The algorithm works as follows:

  1. Iterate through all possible starting positions for the first subarray.
  2. For each starting position, iterate through all possible lengths of the first subarray (up to k).
  3. Recursively solve the problem for the remaining part of the array.
  4. Calculate the sum of the modified array for the current partition.
  5. Update the maximum sum seen so far.

This approach has exponential time complexity, as it explores all possible partitions.

Big O Analysis

  • Time Complexity: O(k^n) where n is the length of array and k is the maximum subarray size. Because for each element, we can choose subarrays of length atmost k.
  • Space Complexity: O(n) due to the recursive call stack.

Optimal Solution: Dynamic Programming

We can optimize the solution using dynamic programming. We can define dp[i] as the largest sum achievable for the first i elements of the array.

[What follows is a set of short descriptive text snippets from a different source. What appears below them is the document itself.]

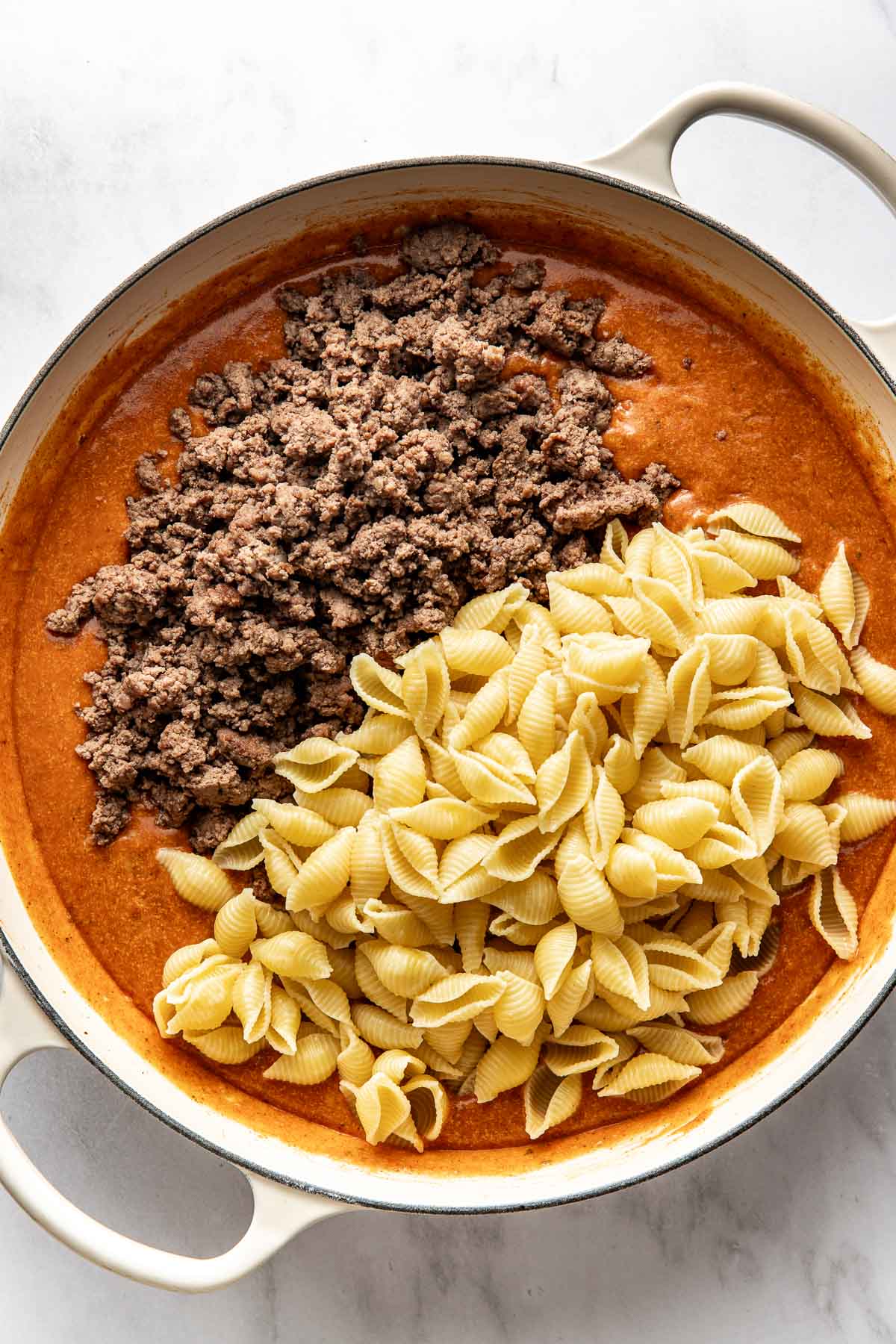 Overhead view of a white skillet filled with a tomato sauce topped with ground beef and cooked pasta ready to be stirred into the mixture.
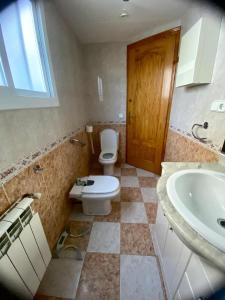 a bathroom with a toilet and a sink at Ca Muns Pares in Ginestar +18 photos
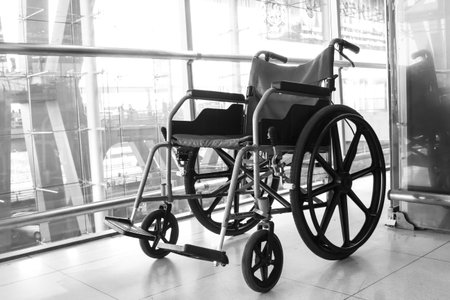 Black and white Wheelchair service in airport terminalのeditorial素材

The recurrence relation is as follows:

dp[i] = max(dp[i-j] + max_val * j) for all 1 <= j <= k

where max_val is the maximum value in the subarray arr[i-j+1...i].

Algorithm:

  1. Create a dp array of size n+1 initialized with 0.
  2. Iterate through the array from i = 1 to n.
  3. For each i, iterate through all possible lengths j from 1 to k.
  4. Calculate the maximum value in the subarray arr[i-j...i-1].
  5. Update dp[i] using the recurrence relation: dp[i] = max(dp[i], dp[i-j] + max_val * j).
  6. Return dp[n].

Edge Cases:

  • When the array is empty, the largest sum is 0.
  • When k is 1, the largest sum is the sum of the original array.
  • When k is greater than or equal to the length of the array, the largest sum is the length of the array multiplied by the maximum element of the array.

Example:

Consider arr = [1,15,7,9,2,5,10] and k = 3.

  1. dp[0] = 0
  2. i = 1: dp[1] = max(dp[0] + 1 * 1) = 1
  3. i = 2: dp[2] = max(dp[1] + 15 * 1, dp[0] + 15 * 2) = max(16, 30) = 30
  4. i = 3: dp[3] = max(dp[2] + 7 * 1, dp[1] + 15 * 2, dp[0] + 15 * 3) = max(37, 31, 45) = 45
  5. i = 4: dp[4] = max(dp[3] + 9 * 1, dp[2] + 9 * 2, dp[1] + 15 * 3) = max(54, 48, 46) = 54
  6. i = 5: dp[5] = max(dp[4] + 2 * 1, dp[3] + 9 * 2, dp[2] + 9 * 3) = max(56, 63, 57) = 63
  7. i = 6: dp[6] = max(dp[5] + 5 * 1, dp[4] + 5 * 2, dp[3] + 9 * 3) = max(68, 64, 72) = 72
  8. i = 7: dp[7] = max(dp[6] + 10 * 1, dp[5] + 10 * 2, dp[4] + 10 * 3) = max(82, 83, 84) = 84

The final answer is 84.

def maxSumAfterPartitioning(arr, k):
    n = len(arr)
    dp = [0] * (n + 1)
    for i in range(1, n + 1):
        max_val = 0
        for j in range(1, min(k, i) + 1):
            max_val = max(max_val, arr[i - j])
            dp[i] = max(dp[i], dp[i - j] + max_val * j)
    return dp[n]

Big O Analysis

  • Time Complexity: O(n*k), where n is the length of the array and k is the maximum subarray size.
  • Space Complexity: O(n), for storing the dp array.